Abstract

The impact of climate change and uncertainty of climate projections from general circulation models (GCMs) from phase 5 of the Coupled Model Intercomparison Project (CMIP5) on streamflow in the Johor River Basin, Malaysia was assessed. Eighteen GCMs were evaluated, and the six that adequately simulated historical climate were selected for an ensemble of GCMs under three Representative Concentration Pathways (RCPs; 2.6 (low emissions), 4.5 (moderate emissions) and 8.5 (high emissions)) for three future time periods (2020s, 2050s and 2080s) as inputs into the Soil and Water Assessment Tool (SWAT) hydrological model. We also quantified the uncertainties associated with GCM structure, greenhouse gas concentration pathways (RCP 2.6, 4.5 and 8.5), and prescribed increases of global temperature (1–6 °C) through streamflow changes.

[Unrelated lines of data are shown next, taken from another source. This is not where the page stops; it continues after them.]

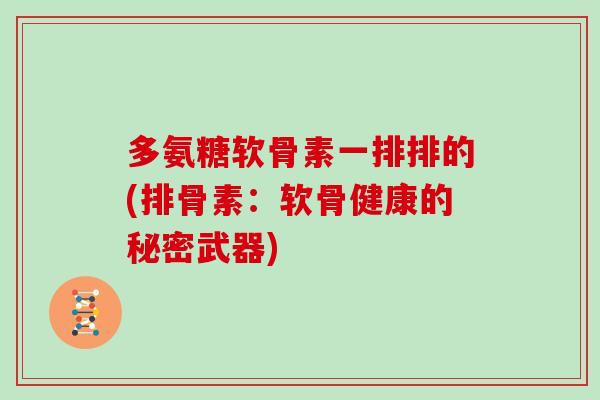 多氨糖软骨素一排排的(排骨素:软骨健康的秘密武器) 多氨糖软骨素一排排的(排骨素:软骨健康的秘密武器)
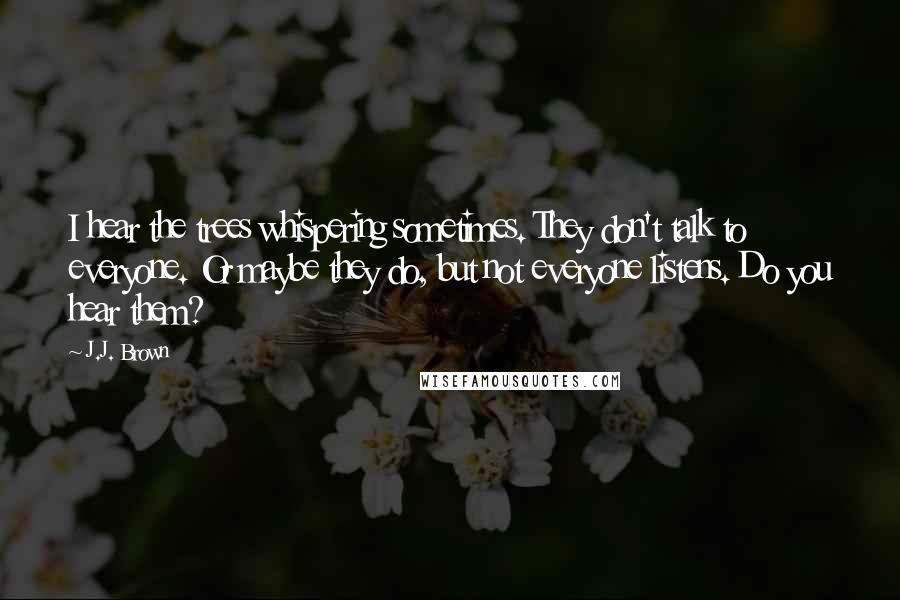 J.J. Brown Quotes: I hear the trees whispering sometimes. They don't talk to everyone. Or maybe they do, but not everyone listens. Do you hear them?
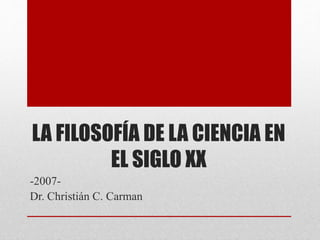 LA FILOSOFÍA DE LA CIENCIA EN
EL SIGLO XX
-2007-
Dr. Christián C. Carman
 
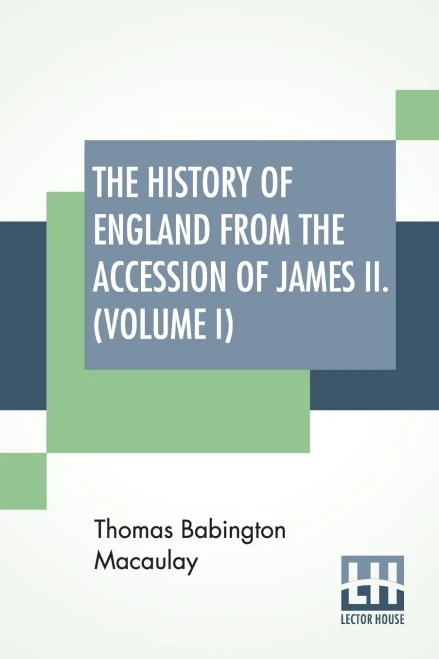 The History Of England From The Accession Of James Ii. (Volume I): With A Memoir By Rev. H. H. Milman In Volume I (In Five Volumes, Vol. I.)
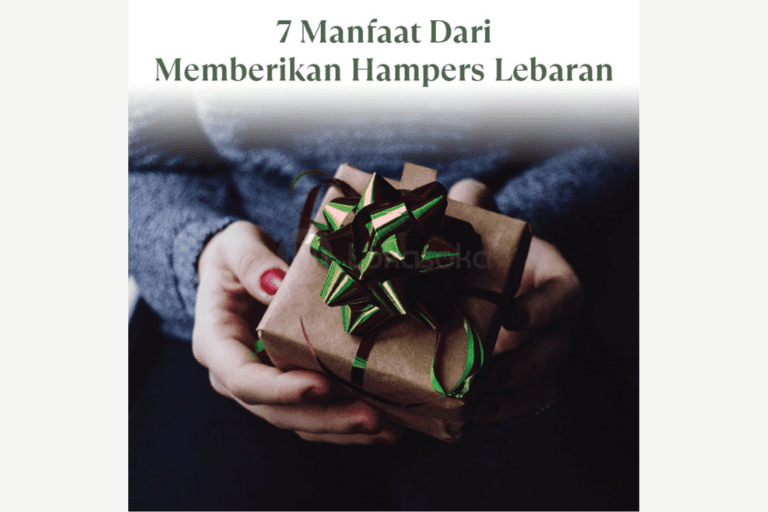 Manfaat Dari Memberikan Hampers Lebaran Kekinian Pada Karyawan dan Klien Bisnis Anda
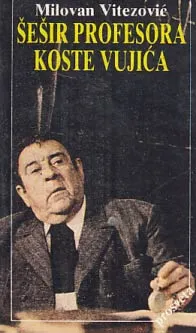 Šešir profesora Koste Vujića
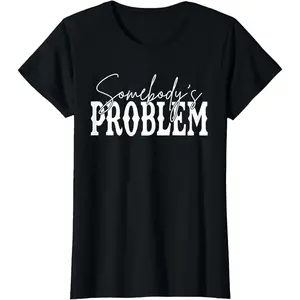 [Pure Cotton Graphics Tee] Somebody's Problem Western Country Cowboy Morgan Fan T-Shirt Fabric Menswear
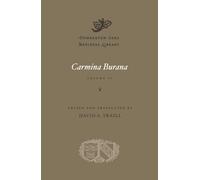 Carmina Burana, Volume II (Dumbarton Oaks Medieval Library)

The SWAT model simulated historical monthly streamflow well, with a Nash–Sutcliffe efficiency coefficient of 0.66 for calibration and 0.62 for validation. Under RCPs 2.6, 4.5, and 8.5, the results indicate that annual precipitation changes of 1.01 to 8.88% and annual temperature of 0.60–3.21 °C will lead to a projected annual streamflow ranging from 0.91 to 12.95% compared to the historical period. The study indicates multiple climate change scenarios are important for a robust hydrological impact assessment.